Human DNA consists of 46 chromosomes and inherits half from the mother and half from the father. In fact, 99.9% of human DNA is alike, and only 0.1% allows people to be identified, which in molecular biology is referred to as a Variable Number of Contiguous Repeats.
DNA test was started to be used in 1985 and enlightened people in many fields. For example; Used in paternity testing. During the paternity test, a reference sample is taken from the father and the child. In order for this test to be known for sure, samples are taken from 15 different gene regions, which are of course valid for the blood test. If the genes in these regions are compared and tested are the same, 99.9% of the children will be fathered, or if these regions are not the same, 0% will be found, which means he is not the father.

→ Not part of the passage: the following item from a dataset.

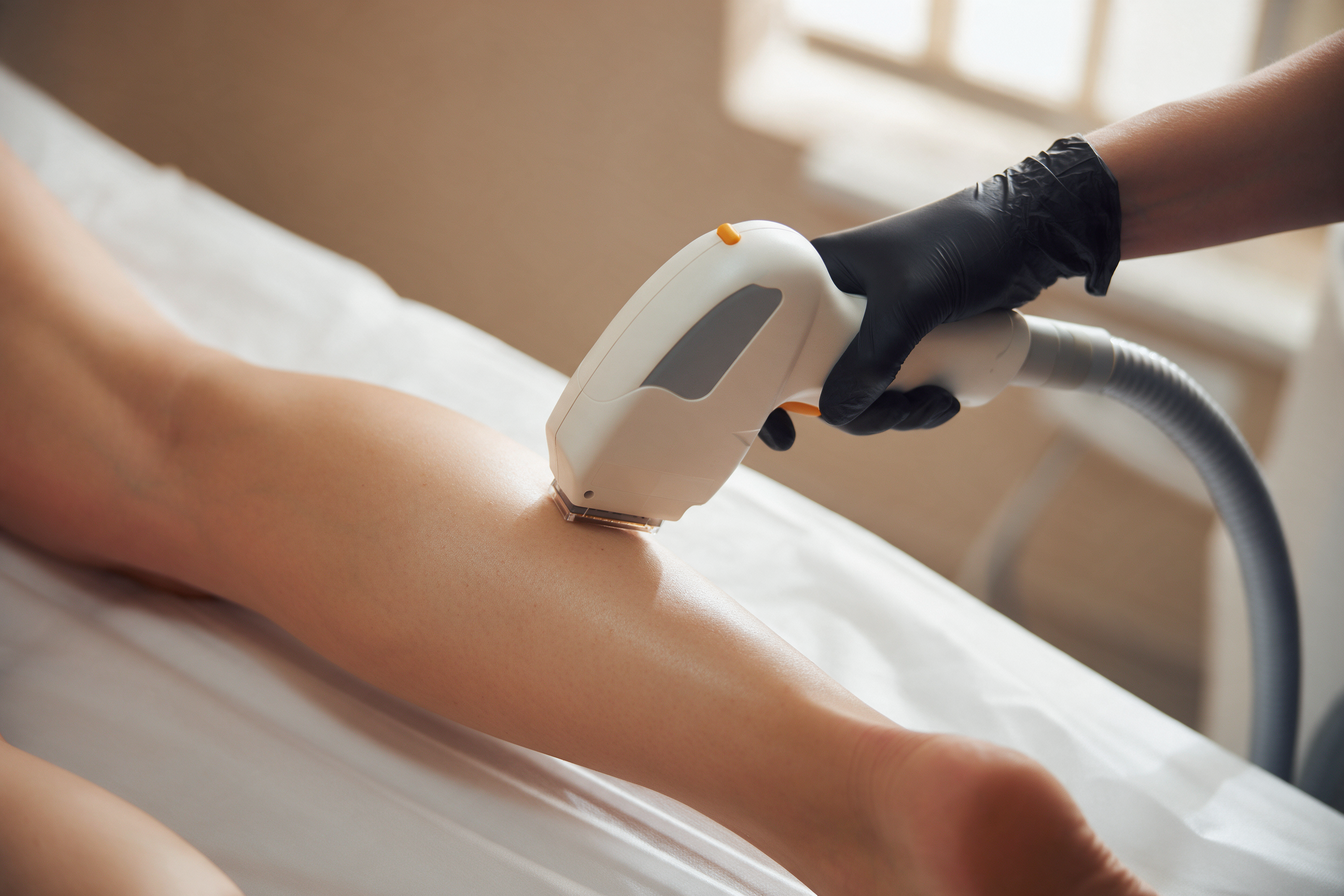 Illustration of a professional laser handpiece treating a lower leg.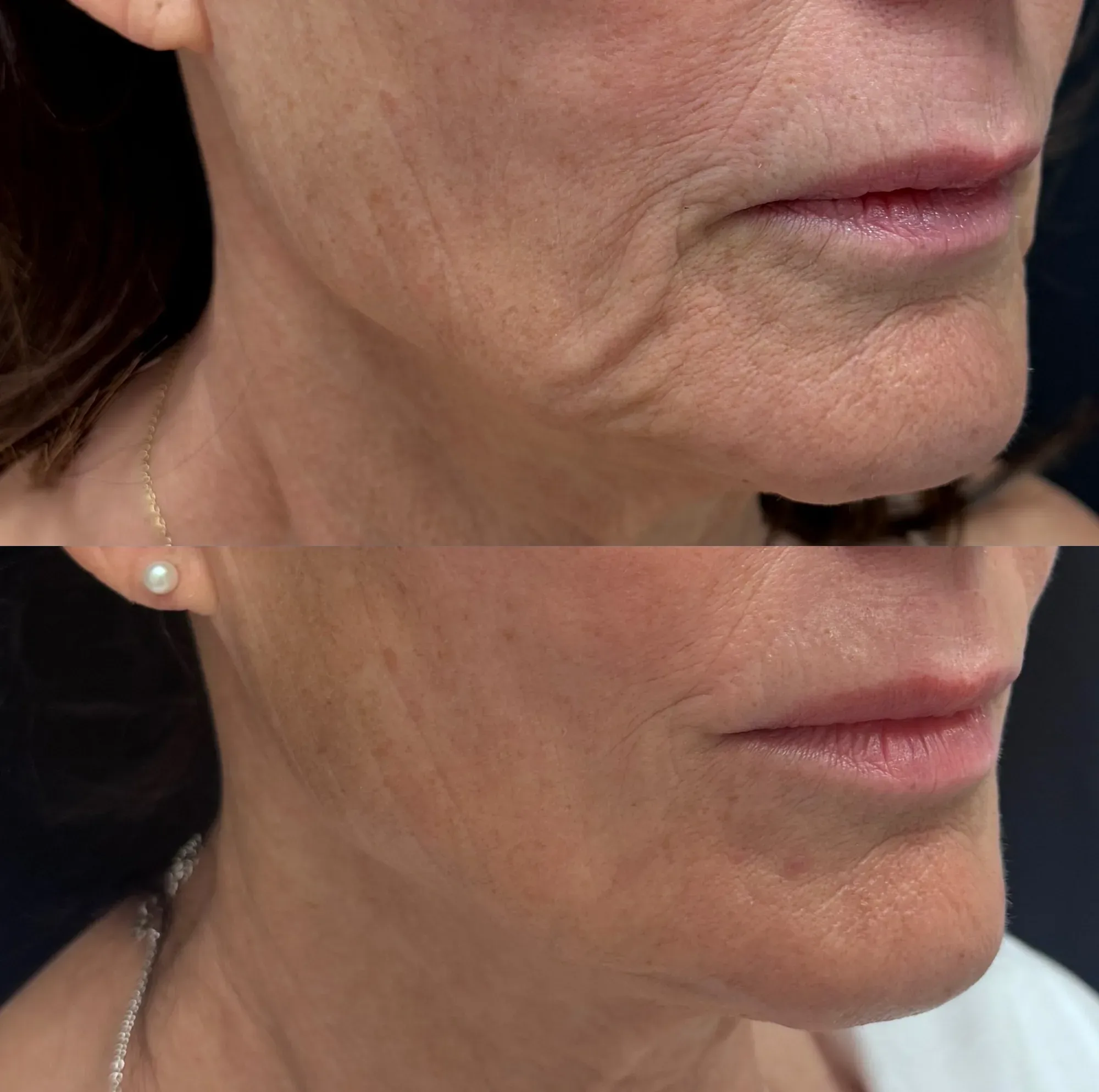 XERF skin tightening before and after — jawline and lower face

It is not necessary to draw blood from the mother in the paternity test, but if it is taken, the possibility of the child being mixed in the hospital (albeit with a low probability) is eliminated. At the same time, DNA test -paternity test- is made from hair, oral mucosa (this is the best method, especially in court cases, items such as toothbrushes, pacifiers for babies can be used as references) and blood.
It should also be noted that in a very low probability, an egg can be fertilized with two male sperm and a child can have two biological fathers, this is called heteropaternal superfecundation in the medical field. This is a probability, albeit a one percent probability, and there are rare examples in the world. It was last seen in Turkey in 2010 and in the USA in 2015.